== Segment start ==

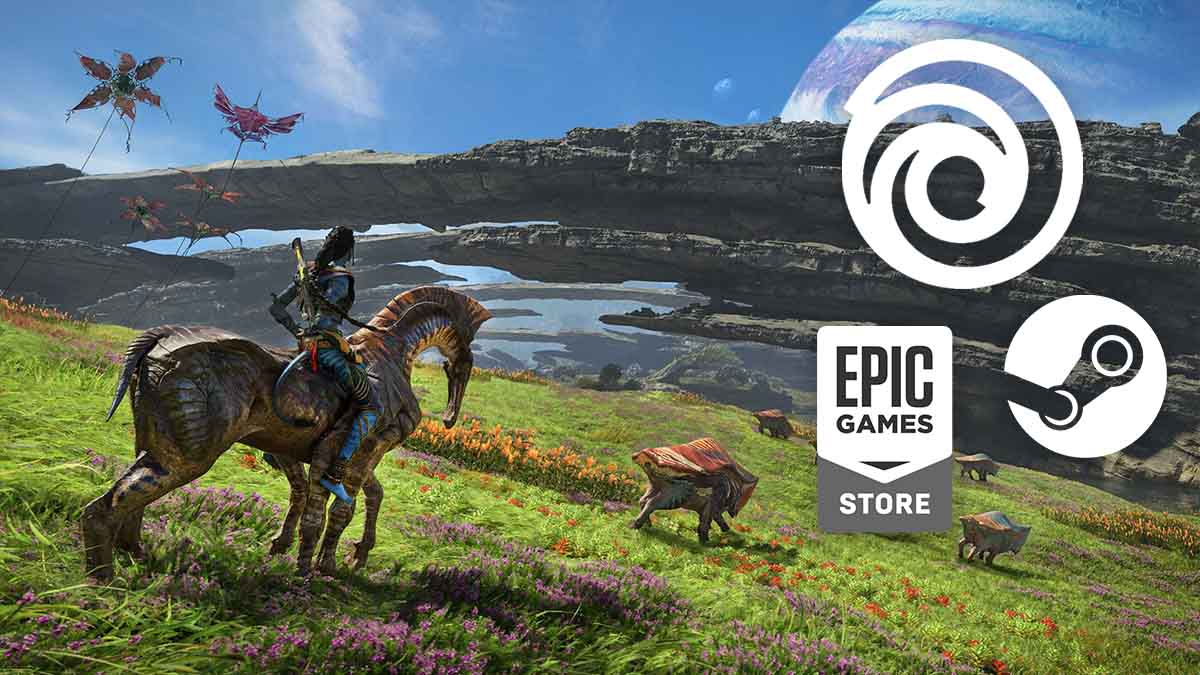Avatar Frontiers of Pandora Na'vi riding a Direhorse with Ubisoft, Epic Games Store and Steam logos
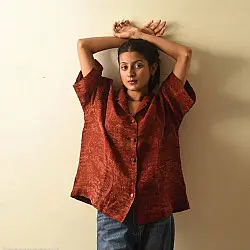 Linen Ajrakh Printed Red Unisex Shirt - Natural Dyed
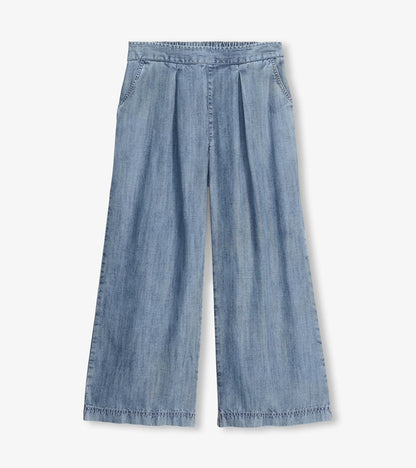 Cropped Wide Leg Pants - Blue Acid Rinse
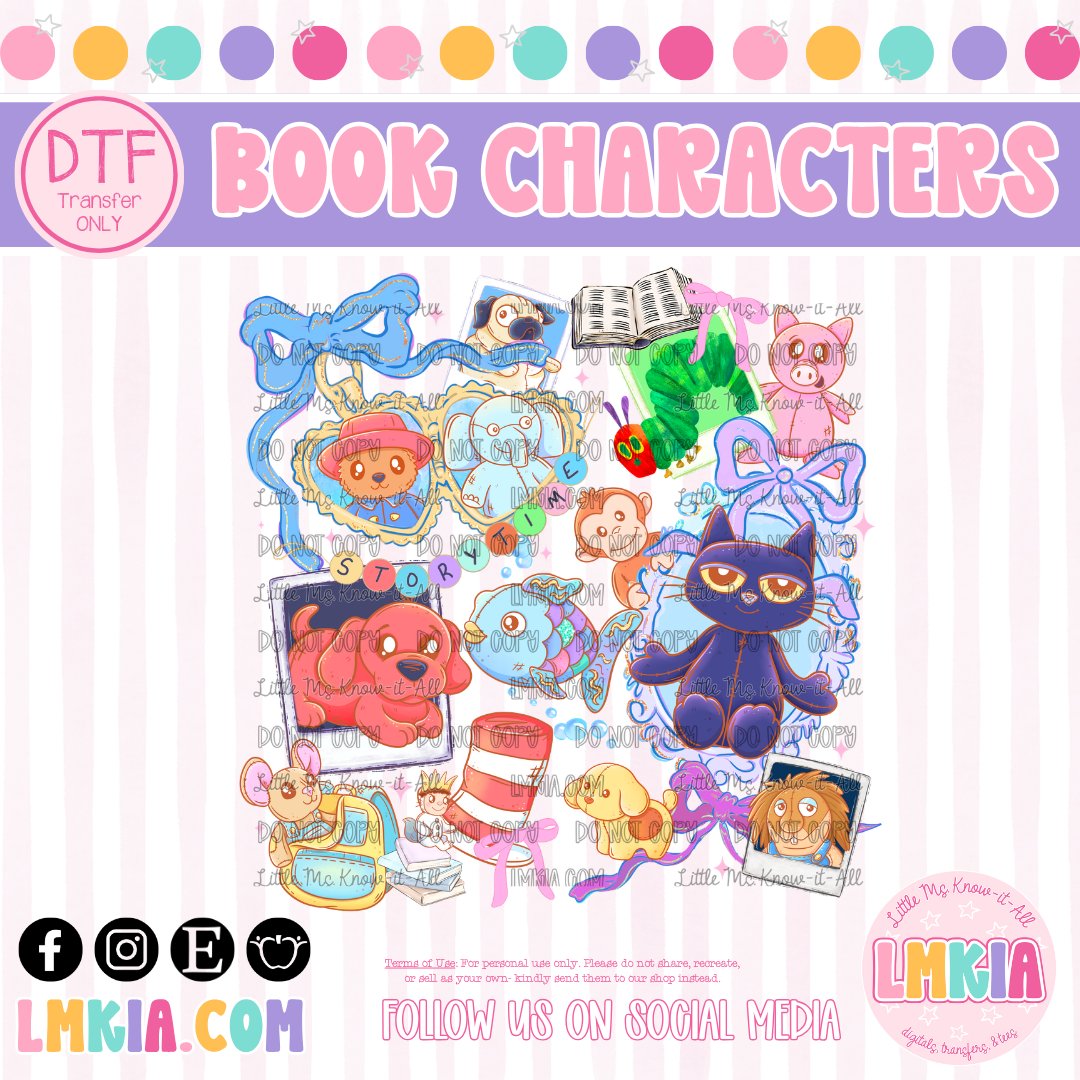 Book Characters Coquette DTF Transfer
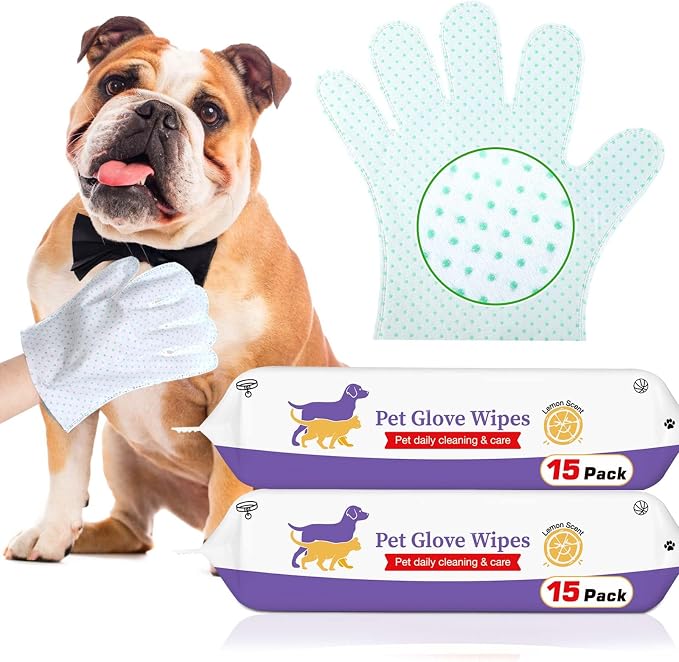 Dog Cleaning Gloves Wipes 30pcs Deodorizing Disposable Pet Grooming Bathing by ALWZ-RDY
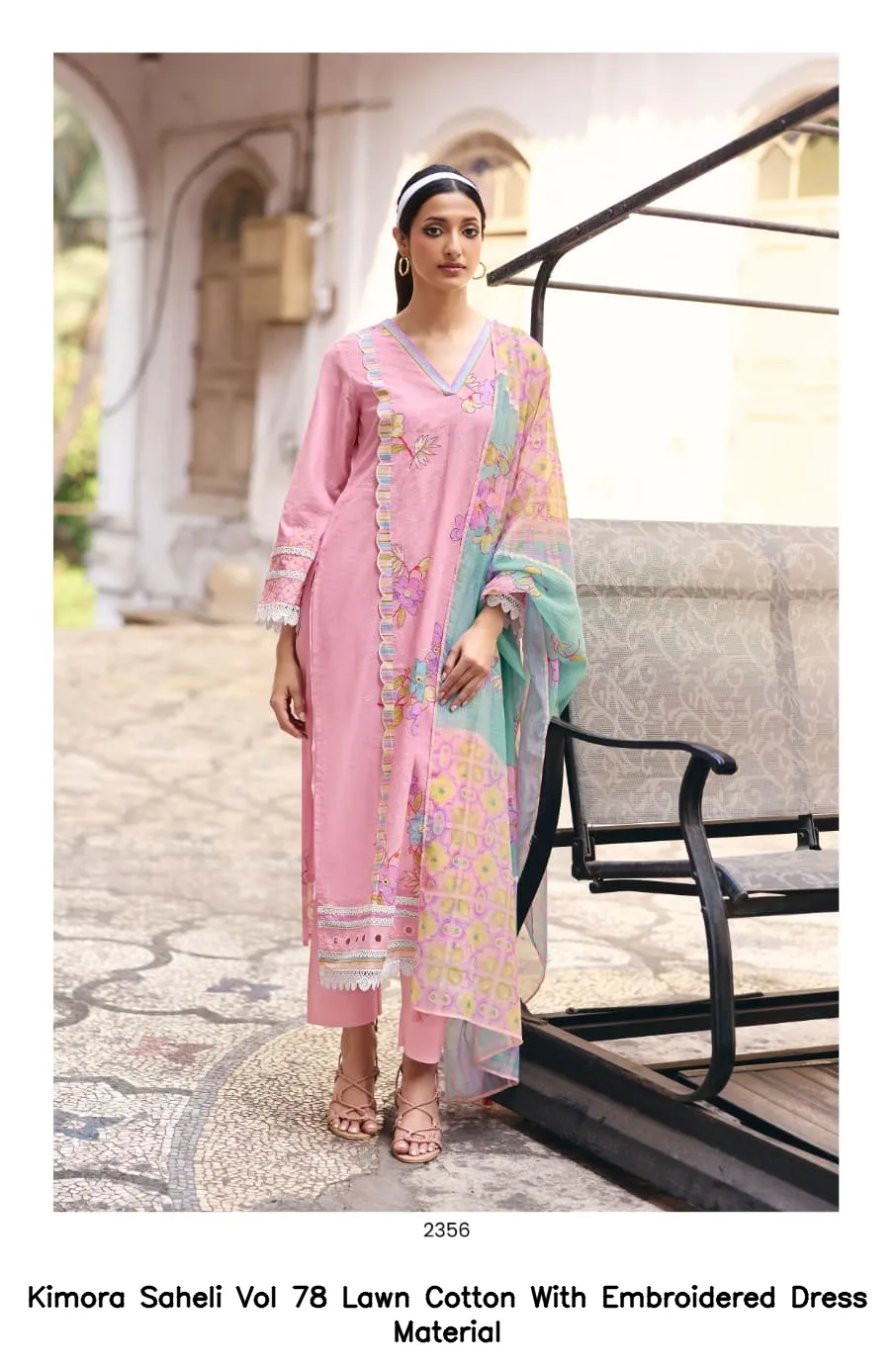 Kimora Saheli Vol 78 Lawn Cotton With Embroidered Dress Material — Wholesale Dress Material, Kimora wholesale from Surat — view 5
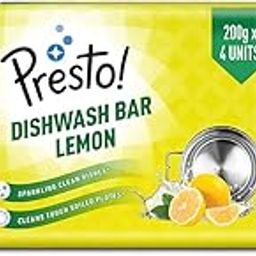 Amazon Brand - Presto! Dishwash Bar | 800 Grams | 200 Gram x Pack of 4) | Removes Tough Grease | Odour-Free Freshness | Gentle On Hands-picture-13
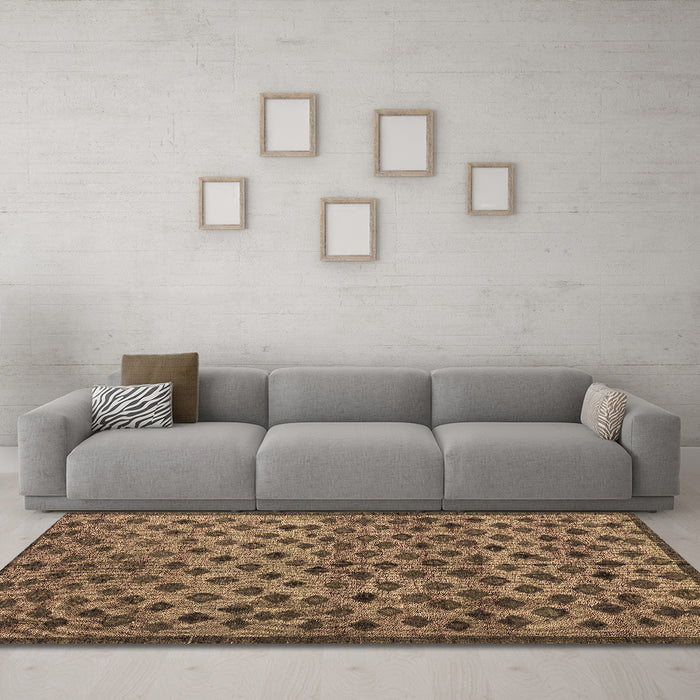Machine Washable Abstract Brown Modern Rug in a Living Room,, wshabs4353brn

== Segment end ==

## Exercise requirements
Transcribe exactly the lines that run from the first line of the records above through the line with "Book Characters Coquette DTF Transfer", and include both of those lines; pictures stay out.

## Exercise response
Avatar Frontiers of Pandora Na'vi riding a Direhorse with Ubisoft, Epic Games Store and Steam logos
 Linen Ajrakh Printed Red Unisex Shirt - Natural Dyed
 Cropped Wide Leg Pants - Blue Acid Rinse
 Book Characters Coquette DTF Transfer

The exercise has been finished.